If the plot sounds like a fairly straightforward coming-of-age story, other elements lift it beyond that cliché. First of all, it is a story of women, and women of all ages; an exploration of their friendships, animosities, relationships across generations – by turns difficult, tempestuous, and genuinely loving. Secondly, the historical and political contexts are ever-present: we see the hardships of living under a communist regime filtered through the vivid imagination of a child. Karolína is matter-of-fact about the shabby reality and the fug of odious propaganda surrounding her. In one of the gentler instances of her gleeful disobedience, she is only too happy to get kicked out of the Spartakiad team, so that she can spend time with Romana and Sesil. There is also something almost subversive in the absolute candidness with which the book refers to sexuality, bodily fluids, abuse, and death. Karolína notices (and participates in) all the highs and lows of human existence, in more ways than one: her unusual way of looking at the world provides an element of magical realism which detaches the book from overly literal readings, but will be an acquired taste to some readers.

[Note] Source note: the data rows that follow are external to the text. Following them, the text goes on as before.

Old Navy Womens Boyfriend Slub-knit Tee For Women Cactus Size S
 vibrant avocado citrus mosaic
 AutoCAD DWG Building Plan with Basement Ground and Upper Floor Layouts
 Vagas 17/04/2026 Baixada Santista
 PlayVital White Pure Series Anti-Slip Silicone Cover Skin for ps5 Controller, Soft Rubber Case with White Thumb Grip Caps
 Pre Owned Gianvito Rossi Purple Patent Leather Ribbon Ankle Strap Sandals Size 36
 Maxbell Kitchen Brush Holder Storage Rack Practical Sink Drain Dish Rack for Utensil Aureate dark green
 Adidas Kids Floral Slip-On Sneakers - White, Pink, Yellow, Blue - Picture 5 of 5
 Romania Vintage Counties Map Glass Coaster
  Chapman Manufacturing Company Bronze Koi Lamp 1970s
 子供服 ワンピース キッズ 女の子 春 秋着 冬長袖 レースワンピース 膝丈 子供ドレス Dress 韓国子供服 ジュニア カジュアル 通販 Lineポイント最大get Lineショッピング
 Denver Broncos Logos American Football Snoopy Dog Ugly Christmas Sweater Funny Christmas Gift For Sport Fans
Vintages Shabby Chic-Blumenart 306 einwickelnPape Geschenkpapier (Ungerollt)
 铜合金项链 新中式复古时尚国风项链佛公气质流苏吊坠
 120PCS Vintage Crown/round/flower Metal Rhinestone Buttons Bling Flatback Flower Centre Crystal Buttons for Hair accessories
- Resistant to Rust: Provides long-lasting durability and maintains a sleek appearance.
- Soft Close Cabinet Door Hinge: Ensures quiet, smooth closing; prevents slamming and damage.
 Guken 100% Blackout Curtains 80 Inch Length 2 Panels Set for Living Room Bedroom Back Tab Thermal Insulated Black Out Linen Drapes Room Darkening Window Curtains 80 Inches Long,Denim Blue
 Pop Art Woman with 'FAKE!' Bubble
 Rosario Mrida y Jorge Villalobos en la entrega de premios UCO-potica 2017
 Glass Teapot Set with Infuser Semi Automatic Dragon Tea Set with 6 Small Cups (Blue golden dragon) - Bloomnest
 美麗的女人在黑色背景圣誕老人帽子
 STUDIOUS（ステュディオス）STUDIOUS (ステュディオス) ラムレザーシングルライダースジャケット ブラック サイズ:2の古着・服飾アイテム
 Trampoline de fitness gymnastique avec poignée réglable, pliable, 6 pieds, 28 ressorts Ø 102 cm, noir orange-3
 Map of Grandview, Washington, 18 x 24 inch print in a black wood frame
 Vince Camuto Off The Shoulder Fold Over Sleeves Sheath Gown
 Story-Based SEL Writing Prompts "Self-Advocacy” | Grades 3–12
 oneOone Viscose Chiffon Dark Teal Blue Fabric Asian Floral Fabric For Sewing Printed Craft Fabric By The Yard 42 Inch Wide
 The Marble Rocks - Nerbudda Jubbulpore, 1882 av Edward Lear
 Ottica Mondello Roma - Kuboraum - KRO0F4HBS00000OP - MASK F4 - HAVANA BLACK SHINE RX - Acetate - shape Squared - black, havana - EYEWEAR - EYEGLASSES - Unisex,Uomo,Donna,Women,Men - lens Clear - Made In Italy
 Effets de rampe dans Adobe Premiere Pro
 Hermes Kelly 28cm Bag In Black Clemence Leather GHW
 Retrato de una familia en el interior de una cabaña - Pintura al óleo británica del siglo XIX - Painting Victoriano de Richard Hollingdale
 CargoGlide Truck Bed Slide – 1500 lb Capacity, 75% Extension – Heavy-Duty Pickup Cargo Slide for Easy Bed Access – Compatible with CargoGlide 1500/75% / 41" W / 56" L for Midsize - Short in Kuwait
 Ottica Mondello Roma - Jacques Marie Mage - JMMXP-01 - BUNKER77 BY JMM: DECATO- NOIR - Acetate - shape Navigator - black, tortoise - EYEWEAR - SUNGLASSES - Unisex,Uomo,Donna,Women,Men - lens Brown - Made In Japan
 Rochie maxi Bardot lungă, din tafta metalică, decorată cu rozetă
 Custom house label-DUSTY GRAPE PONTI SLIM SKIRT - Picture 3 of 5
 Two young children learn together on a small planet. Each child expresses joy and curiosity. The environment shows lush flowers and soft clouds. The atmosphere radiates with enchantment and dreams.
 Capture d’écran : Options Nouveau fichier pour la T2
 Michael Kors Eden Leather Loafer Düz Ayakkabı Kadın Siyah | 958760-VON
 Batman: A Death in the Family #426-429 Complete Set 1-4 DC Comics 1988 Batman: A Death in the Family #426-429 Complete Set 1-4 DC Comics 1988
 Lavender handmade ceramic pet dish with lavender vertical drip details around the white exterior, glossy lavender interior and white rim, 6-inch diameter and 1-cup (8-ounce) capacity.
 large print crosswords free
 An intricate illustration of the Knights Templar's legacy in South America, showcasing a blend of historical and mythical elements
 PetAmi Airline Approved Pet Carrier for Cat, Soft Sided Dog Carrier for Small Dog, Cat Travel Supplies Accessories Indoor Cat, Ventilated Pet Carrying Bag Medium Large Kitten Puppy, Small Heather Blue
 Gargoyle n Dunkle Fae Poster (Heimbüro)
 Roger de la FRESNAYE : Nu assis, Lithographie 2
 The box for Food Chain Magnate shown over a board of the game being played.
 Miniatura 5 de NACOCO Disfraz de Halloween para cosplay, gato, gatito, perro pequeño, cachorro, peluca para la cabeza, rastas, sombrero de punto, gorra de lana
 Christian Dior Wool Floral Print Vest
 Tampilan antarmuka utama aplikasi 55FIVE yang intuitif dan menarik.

Apart from one or two challenging moments with slang – notoriously difficult to translate – Julia and Peter Sherwood’s work canters on at a brisk pace; the phrasing of communist slogans and double-speak grates just like it should and you can almost hear the cackling of Karolína’s granny, much given to happy profanity as she is. The descriptions of the exhilaration Karolína feels while performing really do soar. The Sherwoods have preserved a smattering of Hungarian and Slovak words, glossing them deftly.
Karolína’s life, as she says at the very end, peaked at a time you’re not supposed to have anything good to say about, yet Kovalyk does not glorify the simpler times of communism. Her riotous, funny and painful parable is of a country and a girl in the throes of a revolution, of order turned upside-down.
Reviewed by Marta Dziurosz
By Uršul’a Kovalyk
Translated from the Slovak by Julia and Peter Sherwood
Published by Parthian
Marta Dziurosz is a Polish <> English literary translator and interpreter, curator, and Free Word Centre’s Translator in Residence 2015-2016. She also works for Pan Macmillan and is a Free Word Centre Associate. Her writing and translations have been published by the New Statesman, PEN Atlas, In Other Words, For Books’ Sake, Asymptote, and elsewhere.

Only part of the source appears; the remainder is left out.